**Task:** Make an exact copy of the listing, without images.

**Dataset extract:**
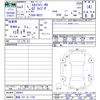 nissan skyline 2021 CFJ1745093 image 3
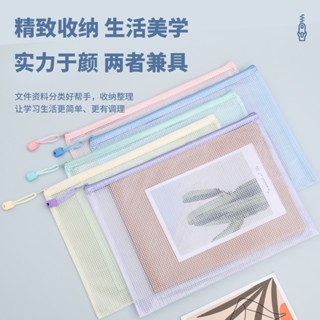 馬卡龍色系收納袋 網格收納袋 拉鍊收納袋 整理袋 檔案收納袋 文件袋 拉鍊袋 A4文件袋 資料夾 資料袋 收納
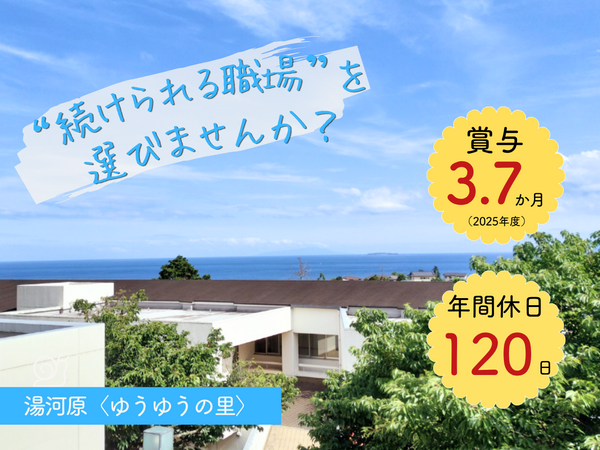湯河原〈ゆうゆうの里〉（常勤）の看護師求人の写真
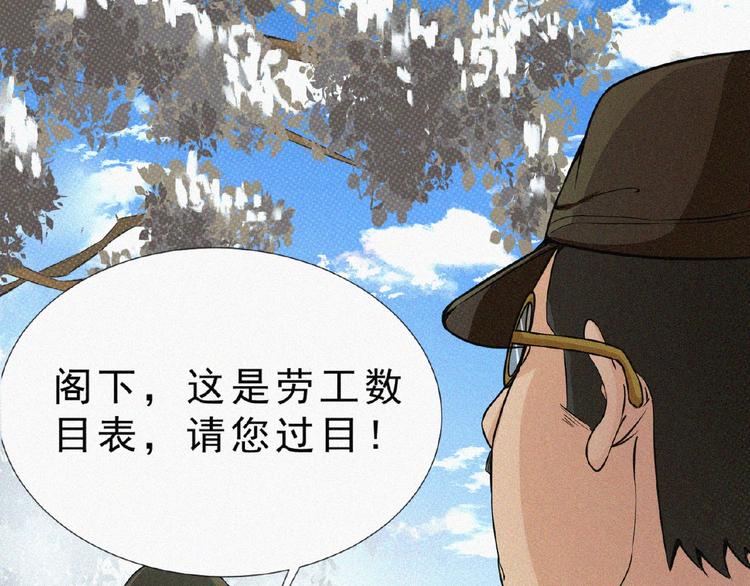 第4话 魔窟14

**Written response:**
 nissan skyline 2021 CFJ1745093 image 3
 馬卡龍色系收納袋 網格收納袋 拉鍊收納袋 整理袋 檔案收納袋 文件袋 拉鍊袋 A4文件袋 資料夾 資料袋 收納
湯河原〈ゆうゆうの里〉（常勤）の看護師求人の写真
 第4话 魔窟14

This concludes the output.